**Problem statement:** In the listing, locate the line containing "Pet Carrier Sling", then quote it and all following lines exactly. Omit pictures.

**Provided records:**
....................

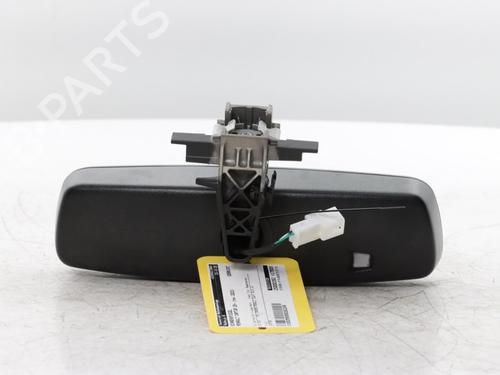 Bakspejl indvendigt Bakspejl indvendigt RENAULT CAPTUR II (HF_) TCe 160 (HFN1) (158 hp) 33697147 33697147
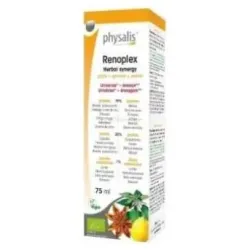 Physalis extracto de renoplex bio 75ml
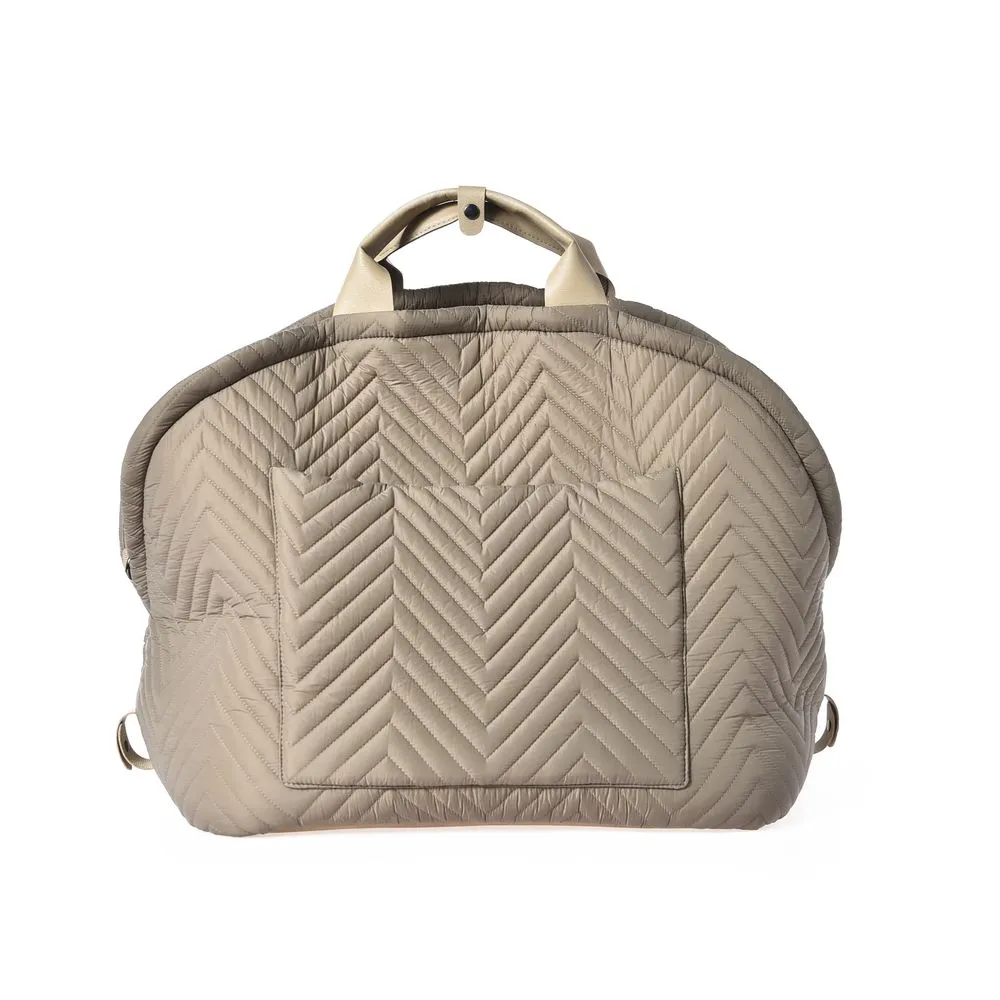 Pet Carrier Sling Bag Supplier Travel Bag For Dogs - Image 5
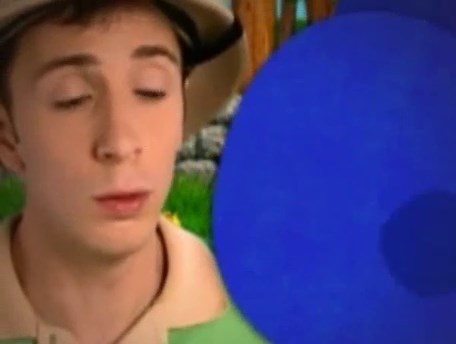 Blue's Clues S04E11 - Bugs!
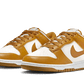 Dunk Low Next Nature Light Curry (DN1431-001) - 36 EU - 4 US - Brown | SOSUKICKS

....................

**Result of the exercise:**
 Pet Carrier Sling Bag Supplier Travel Bag For Dogs - Image 5
 Blue's Clues S04E11 - Bugs!
 Dunk Low Next Nature Light Curry (DN1431-001) - 36 EU - 4 US - Brown | SOSUKICKS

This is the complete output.